In Madden NFL 23, developer EA Tiburon focused on the fundamentals: authentic 11v11 football and cleaning up many of the bugs plagued by previous Madden iterations. The result is a small step forward for the franchise and a strong foundation to build upon.
The most important changes in Madden NFL 23 lie beneath the surface. EA’s team calls this FieldSense, a change to more physics-based interactions on the field. In practice, this is mostly positive change. Running the ball between bodies is chaotic and violent, true to real-world play. Sometimes there are issues; For example, whoever is driving the ball, the tacklers are coated in Teflon. The way the defense wraps the opponents and how the ball carriers fight for extra yards sounds authentic, but the high frequency of the fumble on these plays requires adjustment. It’s incomplete but a solid first implementation of a system that should improve in future iterations.
The overall presentation is a remarkable step forward. From boot up, everything is filled with the legacy of the late John Madden—a fitting tribute to the man behind the name. Updated scans of equipment and players look excellent, and the GameDay presentation has more vibrant graphical overlays and cinematic camera work that feels like an NFL broadcast.

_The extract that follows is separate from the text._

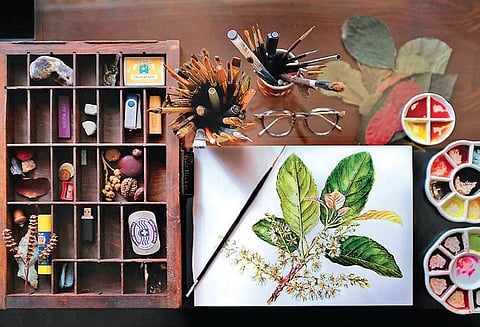 A botanical illustration by Nirupa Rao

Authenticity is attractive; I left fewer transitions during games to enjoy the presentation.
The much-discussed skill-based passing adds an interesting (and optional) wrinkle to throwing the football. It takes a bit of getting used to having a goal area and goal reticle, but the extra control over the placement of the ball makes a difference, especially to avoid defenders when throwing in the middle of the field. It quickly became second nature, and when I went back to play a game in Madden 22 I missed fine aim control. On the other hand, the passing meter is a non-factor. Normally, my muscle memory doesn’t seem to have a noticeable effect on the area for how long to hold the pass button with the correct pass and turn the feature on or off.
The connected franchise evolved into Madden 22 with an updated scouting system and an overhauled interface. This year it’s more of a refinement. The association of Motivation and Tag brings a good sense of humanity to the players in the league. Motivations include a franchise quarterback or a desire to play in fair weather stadiums. If you have a free agent looking for you, you may be able to attract them with a team friendly deal. Otherwise, you may have to pay more to land your man. I worry about how it will play out in a competitive league; It will not be clear whether this creates a significant imbalance immediately, but the potential is there.
Tags are rare and reflect a player’s role and how they affect the dynamics of the team as a whole. A player with a mentor tag may not be the best on the field, but they will accelerate the development of young players in their place. It’s the kind of off-the-field factor that NFL GMs consider, and I enjoyed the added element when I built my team. When I drafted a star safety, I was immediately inspired to look for a veteran to learn from them, something that Connected franchises often lack in playing a fun role.
The face of the franchise has remained a mixed result. Playing exclusively as a quarterback, running back, or linebacker can be fun, as you are involved in every play. This year, a new position for the face of the franchise, The Corner, is a worse experience. I went full drives without any impact on the game, and it was frustrating to miss tackles or goals to stop the drive because of things beyond my control.
The Madden NFL series has long had a solid gameplay foundation, maintained by small improvements year after year. Madden NFL 23 is the first iteration in a long time that rebuilds that foundation, and that’s where this year’s biggest success lies. Some slippery collisions aside, the more physics-based action is a nice change, and the control over ball placement from skill-based passing is a welcome addition. It comes at the cost of only minor updates to the core gameplay mode, but it was ultimately the right call, and Madden is a better game for it.